NORTH TEXAS (CBSDFW.COM) – Education budget cuts are significantly affecting Texas students – negatively.
A survey of more than 240 Texas school superintendents revealed that state budget cuts have significantly impacted classroom instruction, teacher morale and cuts in services.
The survey, conducted by the Texas chapter of the American Federation of Teachers, found that the state public education budget cuts of $5.4 billion are not only stressing administrators but students, too.
“We’re really seeing it manifested by having larger classes, especially at the high school level,” said Texas AFT President Linda Bridges. “There you have more kids in a classroom [and it’s] harder to do one-on-one instruction because of that.”

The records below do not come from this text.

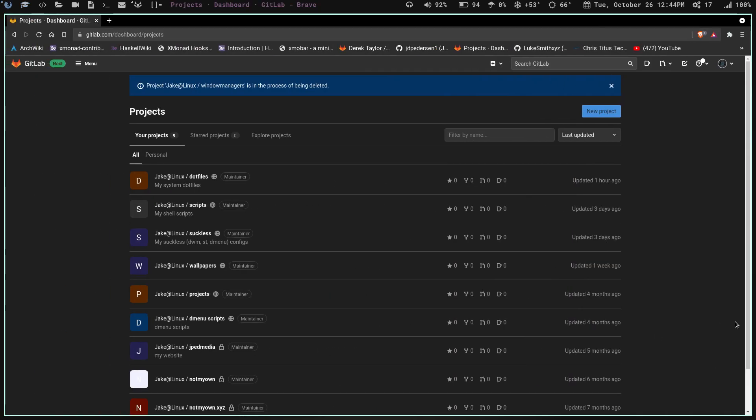I'm going to go with the assumption that you already have a GitLab or GitHub account and your SSH tokens are all set up so you can push to your accounts. If you don't, go ahead and get that set up and then restart this video. But I'm going to assume you already have all that set up.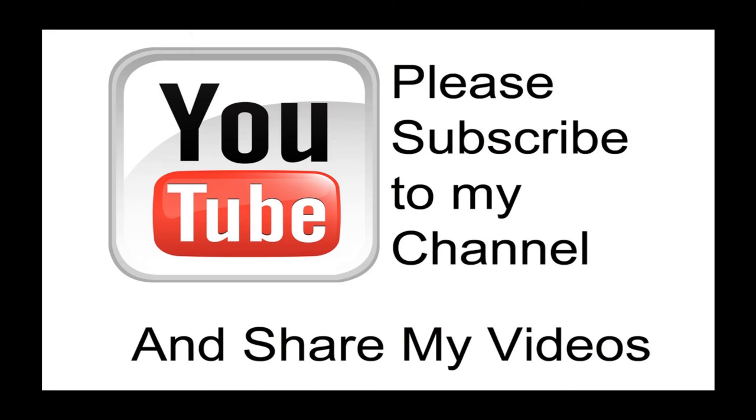Hopefully my video has been helpful to you. If it has been, please subscribe to my channel and by all means, please share my videos.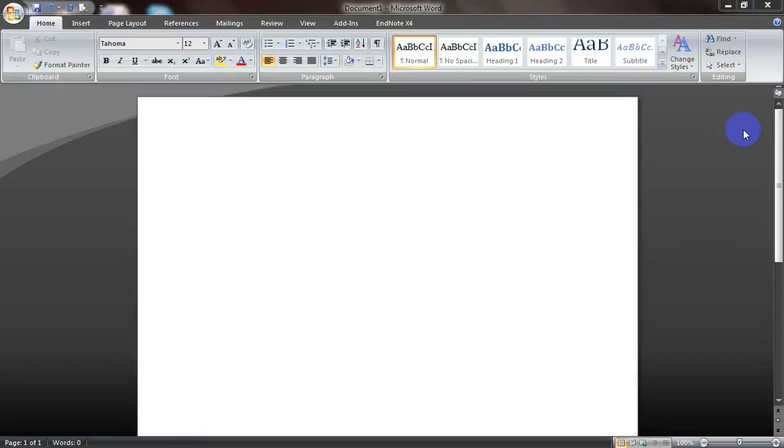Hi there. Today in this video we'll take a look at two important tips about MS Word. The first one is about changing default font and font size.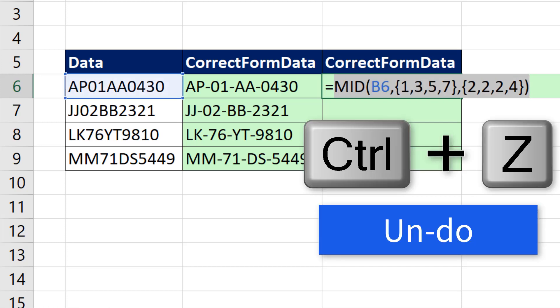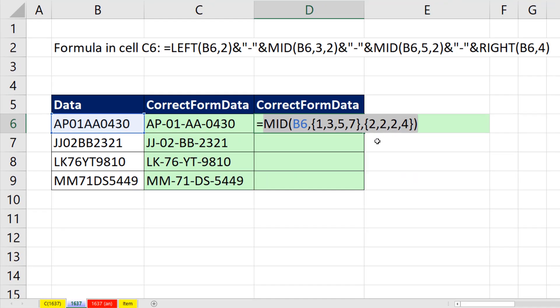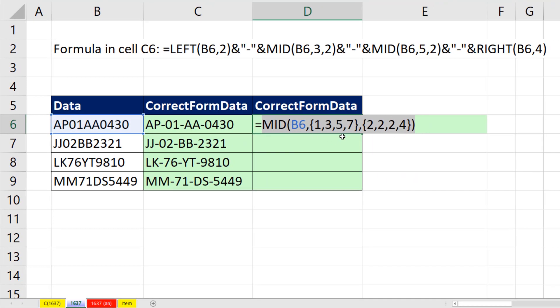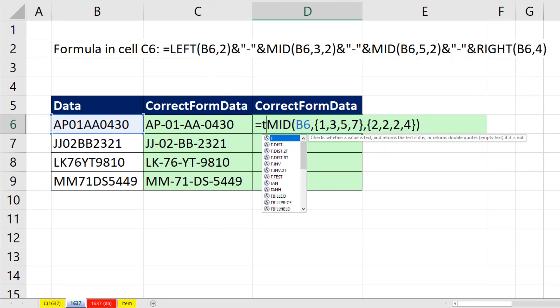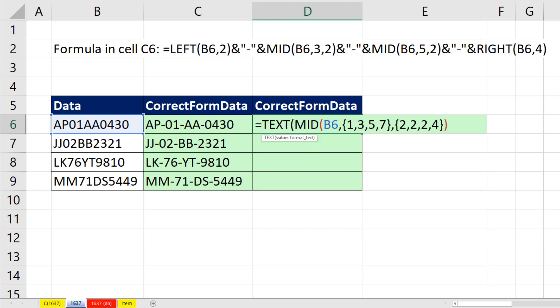Now that formula element works in any version of Excel, but I don't really know how to join all those elements except for to do it the way we did it right there. But if you have Office 365 or Excel 2019, we can use the text join function.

Bridges said superintendents also expressed concern about low teacher morale.
As a part of the survey, one superintendent wrote, “Most staff are thankful to have a job, and I feel they will stay in place for the next three years. After that, the accountability system will drive them out.”

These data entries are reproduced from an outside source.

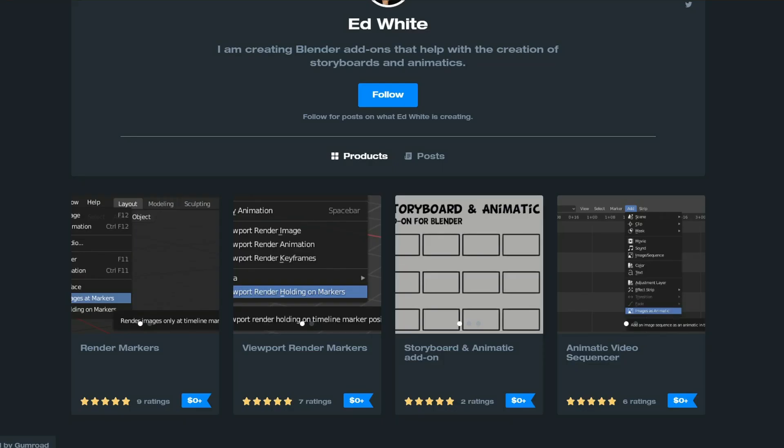Next one up is from Gumroad, and this is from Ed White, and it's a storyboard and animatic add-on. Now this is available for free, and there is a few other things that you might want to check out as well. Things like render markers, viewport render markers, and animatic video sequencer.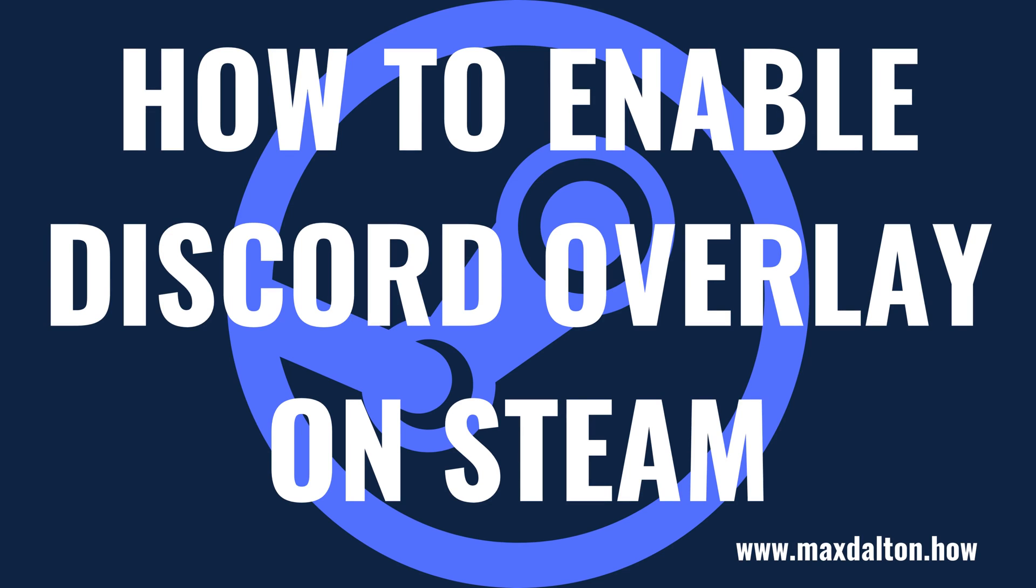What's up everyone. I'm Max Dalton, and in this video I'll show you how to enable the Discord overlay on Steam.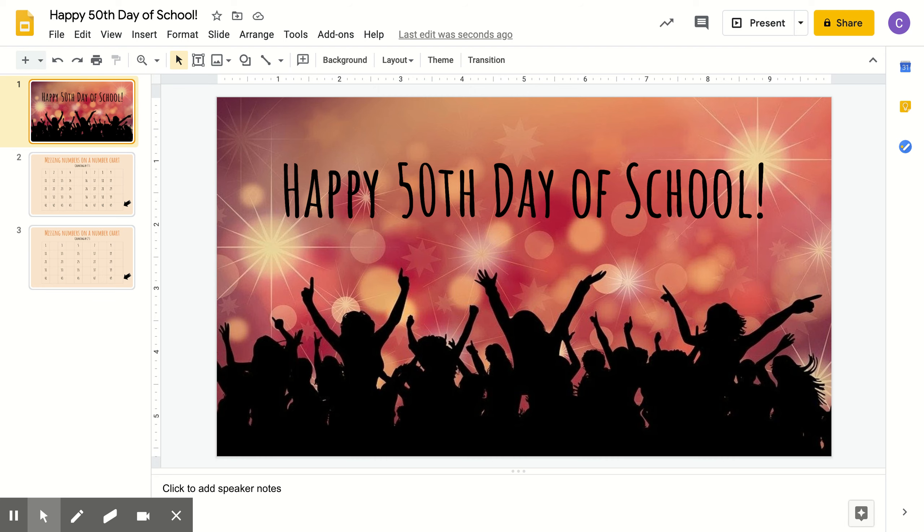Hi friends, happy 50th day of school. I can't believe it's been 50 days already. Time is going by so quick.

The lack of funds also has educators worried about the new State of Texas Assessments of Academic Readiness (STARR) exam, which will replace the Texas Assessment of Knowledge and Skills (TAKS) test in the Spring.
“All of these cuts are creating a really stressful environment within the schools and really creating concerns about how students will fair on the standardized tests that will be given this year,” Bridges said.
In addition the regular ‘reading, writing and arithmetic’ Bridges said some of the superintendent concerns centered on, “Things like technology taking a big hit –- as we’re trying to get kids ready to continue in the 21st Century. Funding for that has been diminished.”
In November of 2011 the Texas AFT conducted a survey of school employees. To make sure they have a clear picture Bridges said the group is planning another survey later in the school year, when districts are putting their 2012-2013 budgets together.